◆ Task goal ◆
Scan the listing below. Return every line containing the string "from".

(Beginning of Supplied data)

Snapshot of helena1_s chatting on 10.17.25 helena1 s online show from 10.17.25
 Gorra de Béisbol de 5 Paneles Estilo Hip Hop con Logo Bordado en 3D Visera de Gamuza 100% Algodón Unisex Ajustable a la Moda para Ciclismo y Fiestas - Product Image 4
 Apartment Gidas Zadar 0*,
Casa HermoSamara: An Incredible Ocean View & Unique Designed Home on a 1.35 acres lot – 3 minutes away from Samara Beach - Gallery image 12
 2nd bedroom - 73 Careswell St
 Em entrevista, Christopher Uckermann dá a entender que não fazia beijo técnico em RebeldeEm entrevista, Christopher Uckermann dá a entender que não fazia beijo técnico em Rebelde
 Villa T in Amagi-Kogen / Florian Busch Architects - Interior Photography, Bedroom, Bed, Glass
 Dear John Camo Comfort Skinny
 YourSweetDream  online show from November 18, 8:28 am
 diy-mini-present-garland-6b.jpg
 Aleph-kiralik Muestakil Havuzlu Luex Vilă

(End of Supplied data)

◆ Output ◆
Snapshot of helena1_s chatting on 10.17.25 helena1 s online show from 10.17.25
Casa HermoSamara: An Incredible Ocean View & Unique Designed Home on a 1.35 acres lot – 3 minutes away from Samara Beach - Gallery image 12
 YourSweetDream  online show from November 18, 8:28 am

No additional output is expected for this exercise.